Double emulsion technology backed for salt reduction

By Nathan Gray contact

- Last updated on GMT

Double emulsion technology backed for salt reduction
The use of duplex emulsion technology could help to boost the perceived saltiness in reduced sodium processed foods, according to new research.

The study – published in Flavour ​– aimed to provide an initial evaluation of whether double (duplex) emulsion technology presents an opportunity for industry to reduce salt in emulsion-based liquid or semi-liquid foods while keeping the fat content constant.

Led by Dr Bettina Wolf of the University of Nottingham, UK, the research team revealed that the use of duplex emulsion technology – water-oil-water (WOW) emulsions in which the salt is only contained in one of the aqueous phases – resulted in a higher perception of saltiness in both simple emulsions and formulated products. 

The team backed the double emulsion technology to further aid salt reduction efforts in the food industry, arguing that further lowering of salt may be possible in processed foods that utilize emulsion systems despite the fact that use of such duplex emulsions can result in increased viscosity.

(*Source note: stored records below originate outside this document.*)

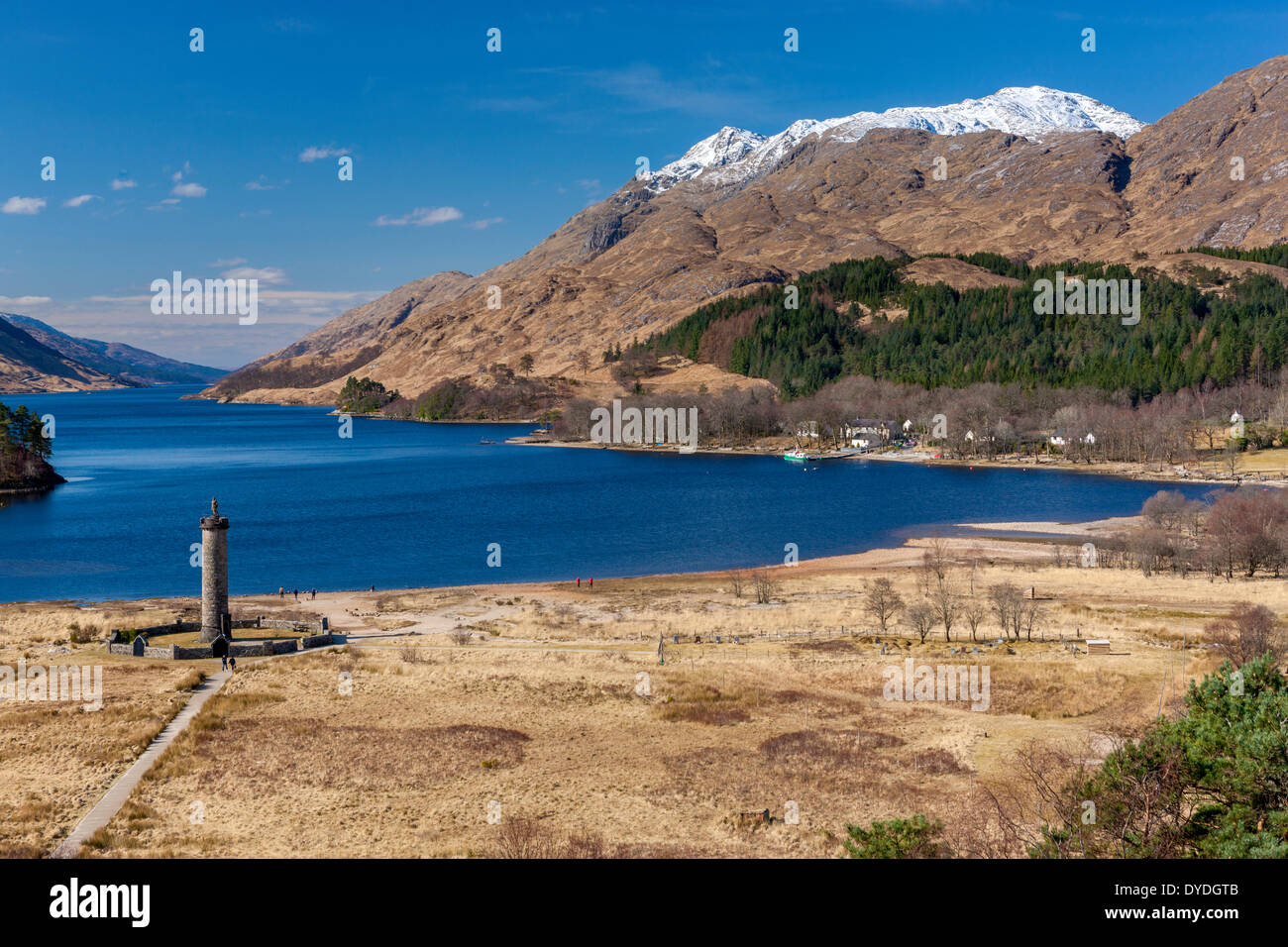 Le monument de Glenfinnan située à la tête du Loch Shiel. Banque D'Images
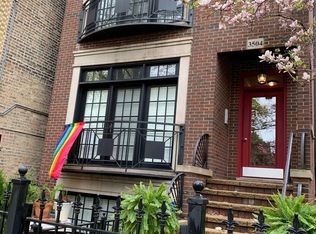 3504 N Fremont St, Chicago, IL 60657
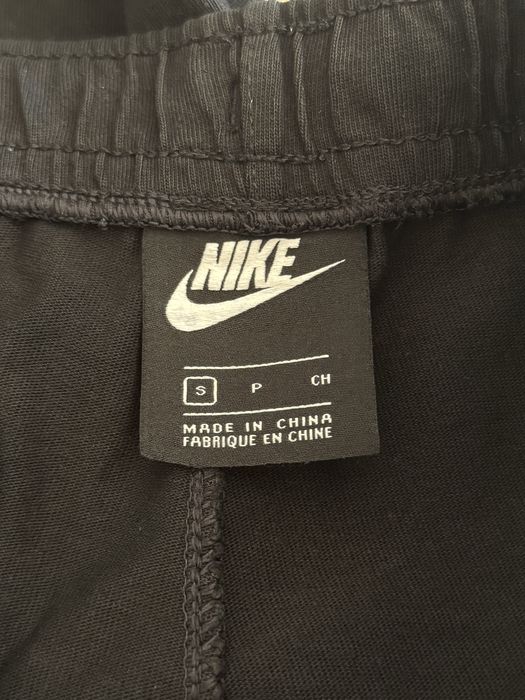 Szorty Nike S logowane krótkie spodenki czarne bawelniane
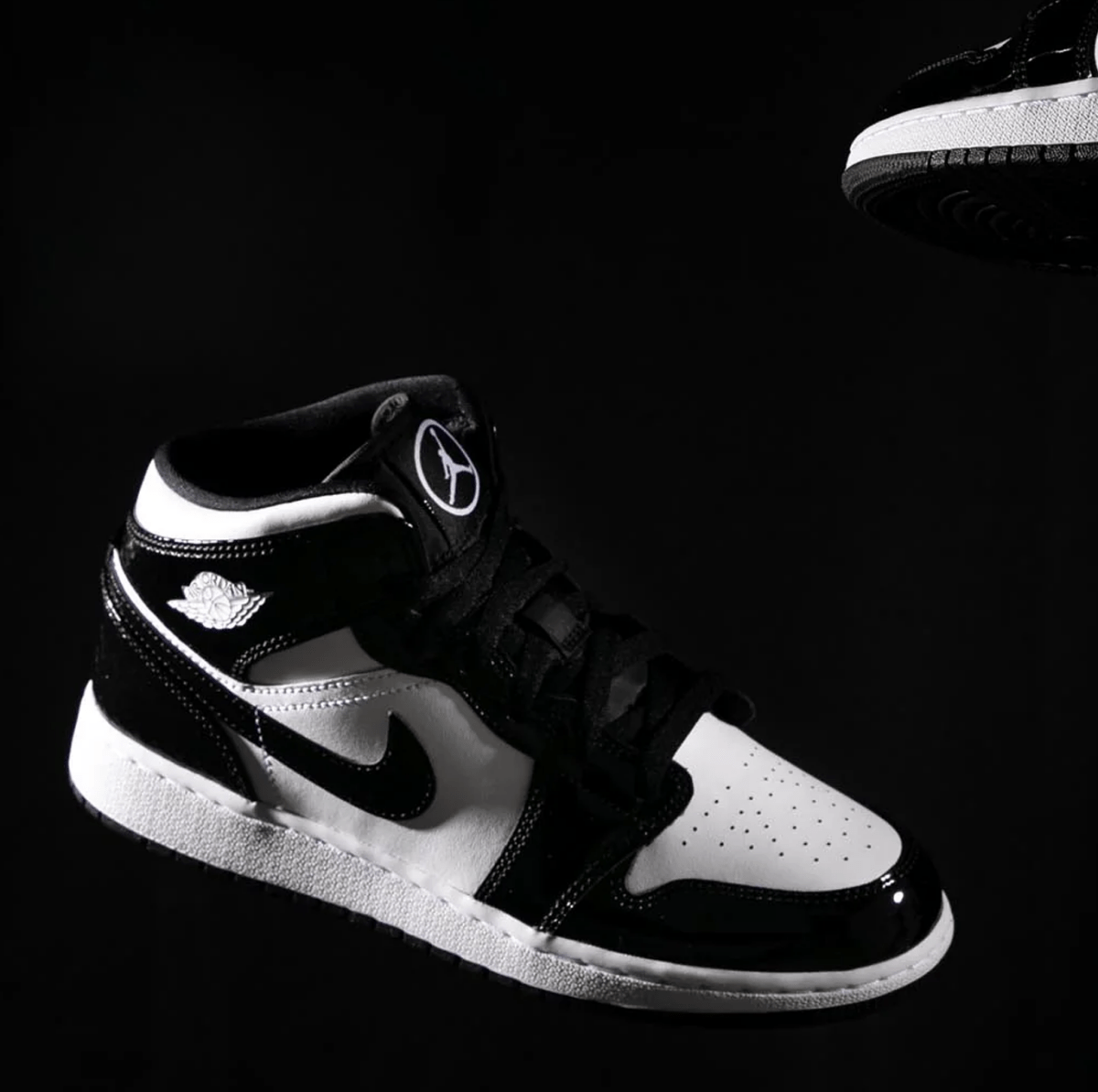 AIR JORDAN 1 MID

“The results showed that salt reduction may be possible despite the added technology increasing the overall measured viscosity of the product,”​ said Wolf and her team – who noted that such changes in viscosity behavior which impact mouthfeel could be positively exploited in addition to the contribution towards salt reduction.

“In view to applying this technology to real processed foods, it needs to be tested for the product in question, but given the interesting novel data presented it should be considered as part of a salt reduction tool box,” ​they added.

Study details

Emulsions and a more complex emulsion-based ambient vegetable soup were tested using paired comparison tests to identify the samples perceived as saltier in each pair of single and duplex emulsions.

“Sensory assessment of saltiness of emulsion pairs indicated duplex technology enhanced saltiness perception compared to a single emulsion product at the same salt content in both simple emulsions and a formulated food product although assessors noted the increased viscosity of the duplex systems,”​ the researchers explained.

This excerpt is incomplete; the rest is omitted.